On Strength of Schedule
When it comes to strength of schedule issues, I prefer to use the NCAA’s own system for both its simplicity and transparency. The NCAA measures simply the win-loss record of teams faced, and has none of the “black box” elements of system’s like Sagarin.
Is it perfect? No, nothing is. But it does a pretty good job of comparing schedules, even between those teams of BCS conferences and non-BCS conferences. Sure you can argue that non-BCS teams end up playing their “own” thus inflating their NCAA SOS, but because the non-BCS conferences usually play tougher conferences during their seasons, and rack up losses accordingly, they tend to have worse win-loss records. A perfect example of this is a conference like the Sun Belt, where the best team (and conference winner) Troy had an 8-5 record even though they lost only 1 conference game. If you look at the teams Troy played in their conference (with records) you see -
Louisiana-Lafayette 6-6
Florida Atlantic 7-6
Arkansas State 6-6
Florida International 5-7
Middle Tennessee State 5-7
Louisiana-Monroe 4-8
North Texas 1-11
Accordingly Troy had a NCAA strength of schedule that placed them 100th, a perfectly legitimate ranking. And teams that played Troy only got to place an 8-5 team on their record, not something artificially inflated.

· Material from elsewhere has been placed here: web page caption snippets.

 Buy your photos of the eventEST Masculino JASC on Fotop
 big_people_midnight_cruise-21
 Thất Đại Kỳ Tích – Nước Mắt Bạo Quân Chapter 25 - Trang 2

Oklahoma had the toughest schedule per the NCAA in 2008, and I can’t disagree. Florida was second, and the top ten were –
1 Oklahoma
2 Florida
3 Texas
4 Georgia
5 Arkansas
6 Ohio St.
7 Kansas
8 Florida St.
9 Syracuse
10 Virginia
No non-BCS conference teams made it in the top ten, with the highest coming in 22nd for TCU, who had to play Oklahoma, BYU and Utah.
However merely ranking them in order doesn’t do the strength of schedule justice, as there can be real differences between teams closely ranked. Oklahoma, for instance, played teams with a 95-50 record, while 2nd place Florida say teams that went 93-53. By this metric the Sooner’s schedule was 2.9% “harder”.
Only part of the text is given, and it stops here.